A cover-up seems like a definite stretch, although the White House was clearly trying to save face. Unfortunately for them, though, it was a terrible attempt almost Greenwald-esque in its subtlety. And now it could completely backfire.

The informal hearing was previously a minor news story, albeit an interesting one. With the support of Representative Justin Amash (R-Mich.), whose amendment limiting NSA surveillance came surprisingly close to passing the House last week, a dozen or so Democratic and Republican congressmen would meet with prominent conservative and liberal critics of the program. In Grayson's words, the hearing would rebuke the "constant misleading information" provided by the intelligence community.

The informal setting would create more opportunities for discussion than a regular hearing, and it would amplify the voices nearly drowned out by those invoking the defense of national security against any criticisms of NSA surveillance. And bipartisan anything is a nice change for Washington these days. On the whole though, the hearing was a media appearance, one more prone to political posturing than substantive policy debate.   

To start, the politicians were not going to say anything new. Although the two factions of this debate have transcended party lines, last week's vote made it very clear where each individual representative stands on the issue. Furthermore, the premise of the hearing would inherently draw those who tended to support the civil liberties perspective.

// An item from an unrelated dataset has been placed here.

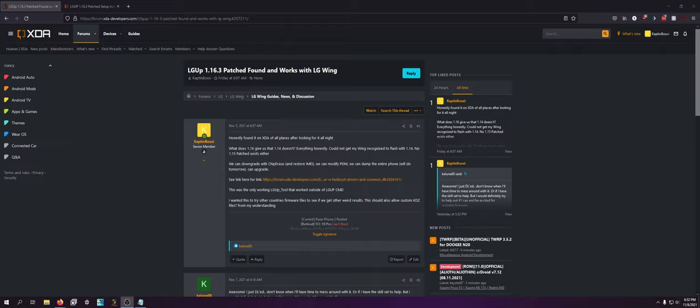Right now, I don't believe there is a way to root the device still. LG does not allow for bootloader unlocking through their website, which means we are going to need other methods. But, other methods may have been found.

Those testifying were not going to say anything new either. While the perspective of the intelligence community has remained dominant in congressional proceedings, the opposition to the program has already made their case clear through the media and other outlets. The hearing would serve to amplify their concerns, not introduce them in the first place.

Finally, Glenn Greenwald was probably not going to say anything new. His statements over the past few weeks, from the initial revelations to recent comments on low-level NSA analysts, demonstrate a very strategic calculus about the publication of new information. He releases information incrementally, often with prior warning in order to first grab the public's attention.

Of course, there is a chance that the hearing would provide a platform for new revelations, particularly given the comments of this past weekend. Yet Greenwald already has a platform through the internet. Whether through the Internet or the hearing, he will release new information this week if he chooses to. The effect on audience size would not significantly differ either way.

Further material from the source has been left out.